Dataset section:
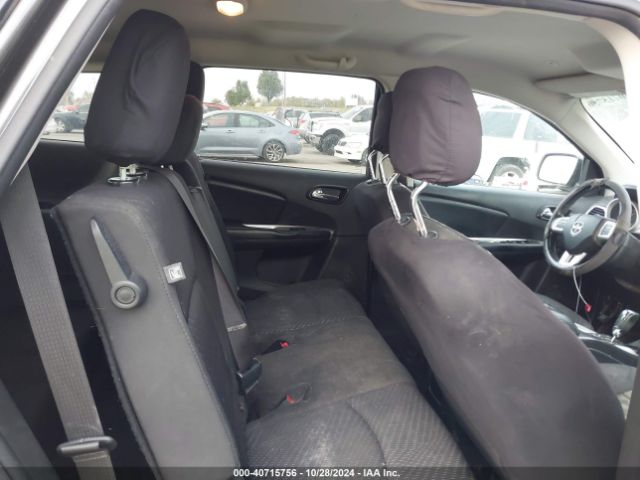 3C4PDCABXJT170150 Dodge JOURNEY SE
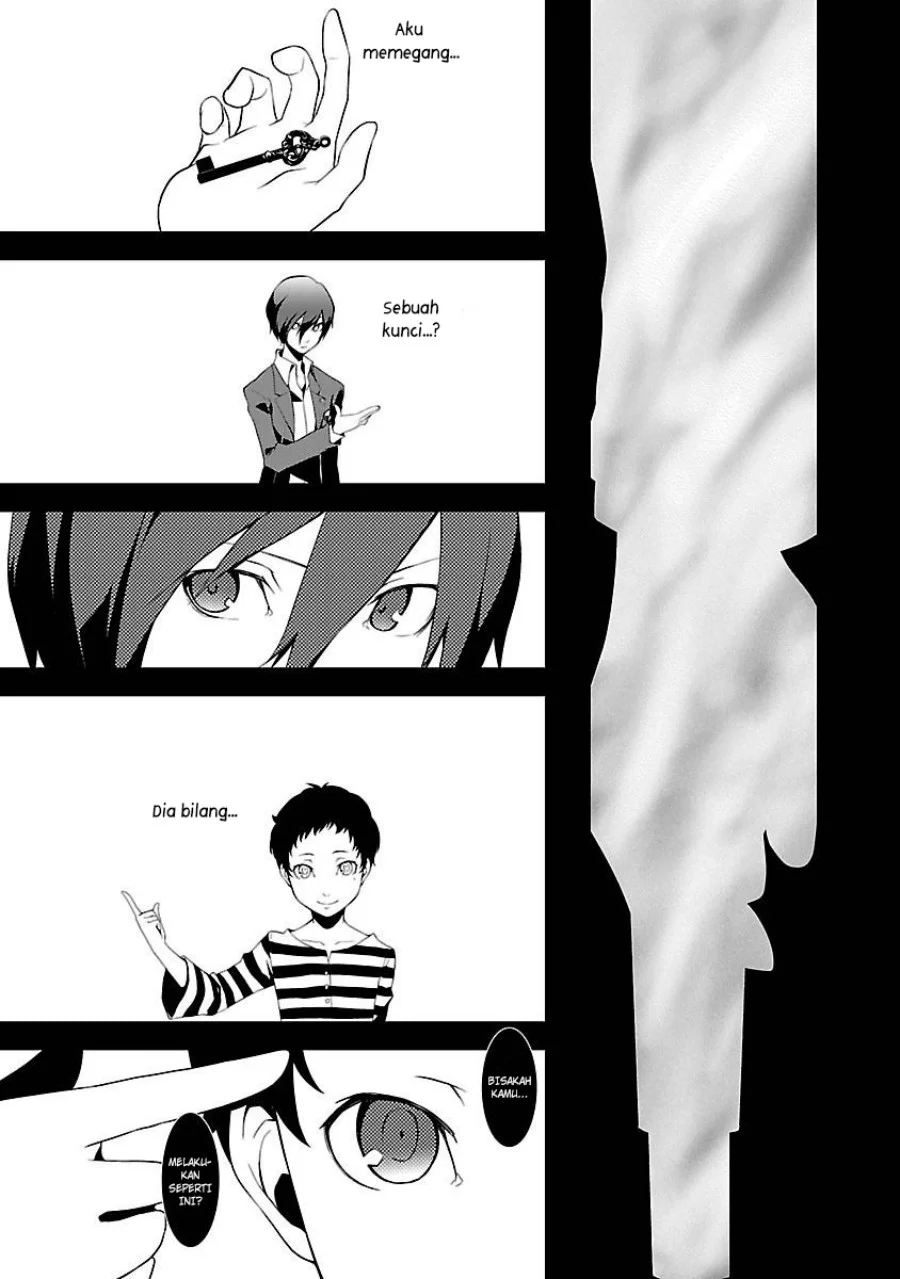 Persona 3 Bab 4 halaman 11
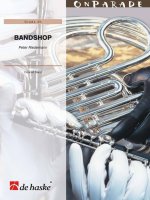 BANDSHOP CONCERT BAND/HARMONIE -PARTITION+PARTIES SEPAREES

Exercise: Without the pictures, write out the whole listing exactly as it appears.

Answer box:
 3C4PDCABXJT170150 Dodge JOURNEY SE
 Persona 3 Bab 4 halaman 11
 BANDSHOP CONCERT BAND/HARMONIE -PARTITION+PARTIES SEPAREES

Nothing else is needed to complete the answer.